What Your SBOM Doesn't Say

A software bill of materials is supposed to be the inventory the vulnerability scanner reads from. The pitch is clean: generate the SBOM at build time, store it with the artifact, scan it once a day against the latest CVE feed, get a current list of exposures without re-touching the binary. Two major open standards dominate the conversation: SPDX (with 3.0 as the current revision, but tooling still catching up) and CycloneDX 1.6. Most modern build tools emit at least one.

The pitch survives until you run the same SBOM through two different scanners and get two different vulnerability lists. Which I did, recently, against a routine Java service. Same artifact. Same day. Same NVD snapshot. Two scanners. Findings differed by roughly 30%. The disagreement wasn't a bug in either scanner. It was the SBOM not saying the thing the vulnerability database needed to hear.

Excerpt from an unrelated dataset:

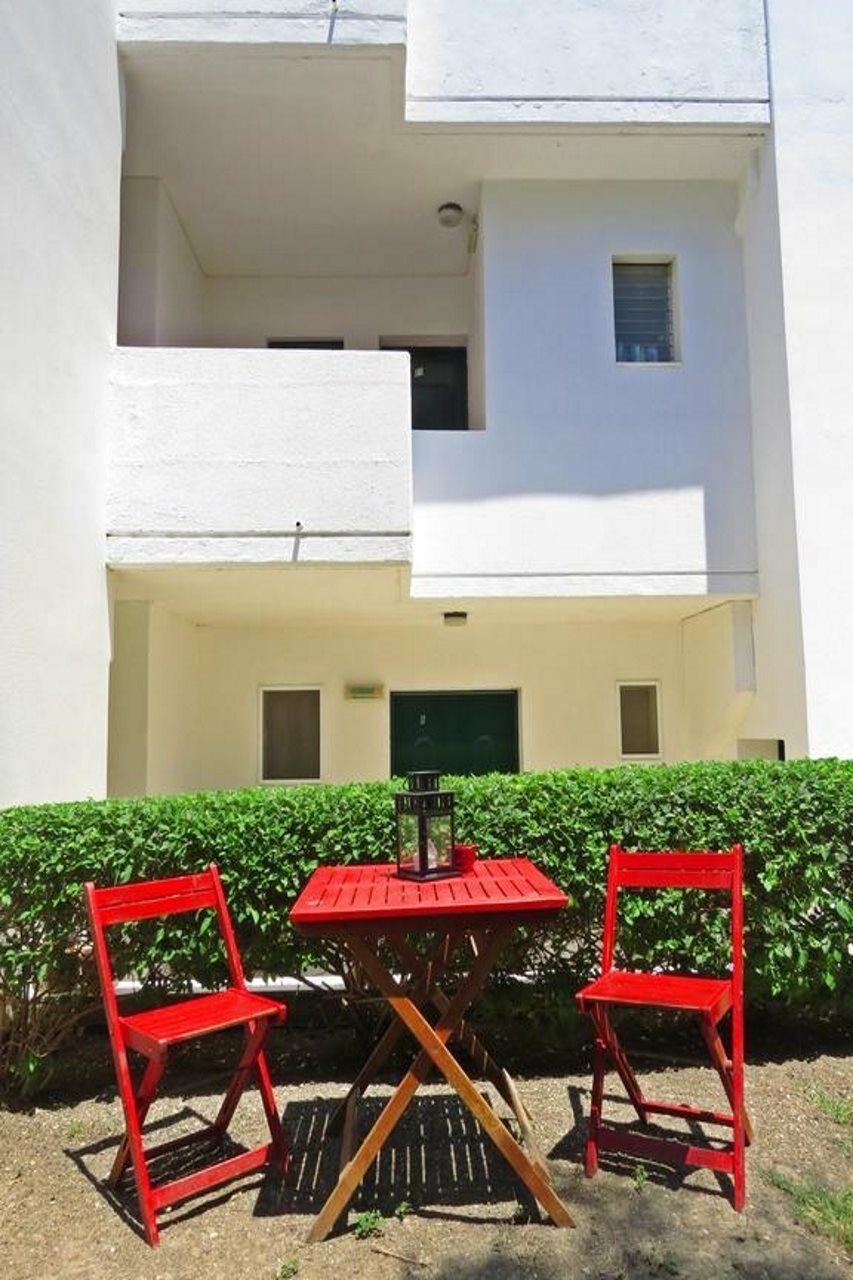 Debby Apartments Ialysos  Dış mekan fotoğraf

This is a short note on the four places SPDX and CycloneDX diverge in ways that change scanner behavior, and what to do about it.

The component identity problem#

Both formats describe a software component. Both use a name and version. Where they differ is in the identifier the scanner uses to look the component up.

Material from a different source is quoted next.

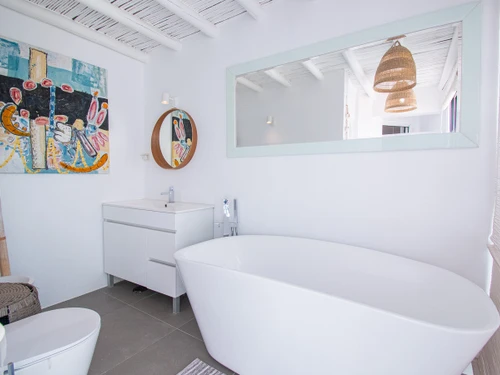 Gîte Carvoeiro, 4 pièces, 6 personnes - photo_1011874854208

CycloneDX uses Package URL (purl) as the primary identifier. A purl is structured (pkg:maven/org.apache.logging.log4j/log4j-core@2.14.1), namespaced by ecosystem, and unambiguous about which registry the component came from.

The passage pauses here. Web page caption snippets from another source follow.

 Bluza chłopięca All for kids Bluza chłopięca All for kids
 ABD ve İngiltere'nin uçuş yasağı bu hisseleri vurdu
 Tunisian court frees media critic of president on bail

SPDX uses SPDXID (a document-local string), PackageName, PackageVersion, and an optional ExternalRefs field that can hold a purl, a cpe22Type, a cpe23Type, or a vendor-specific identifier. The purl in ExternalRefs is optional. Many generators omit it.

The vulnerability databases the scanners read from are keyed differently. NVD is keyed on CPE, which is a versioned-vendor-product-tuple format that pre-dates purl and frequently disagrees with it about a component's identity (NVD might list cpe:2.3:a:apache:log4j:2.14.1 and cpe:2.3:a:apache_software_foundation:log4j:2.14.1 as separate entries). OSV.dev is keyed on purl. GitHub Advisory Database is keyed on purl with CPE as a secondary mapping. Vendor advisories are keyed on whatever the vendor uses.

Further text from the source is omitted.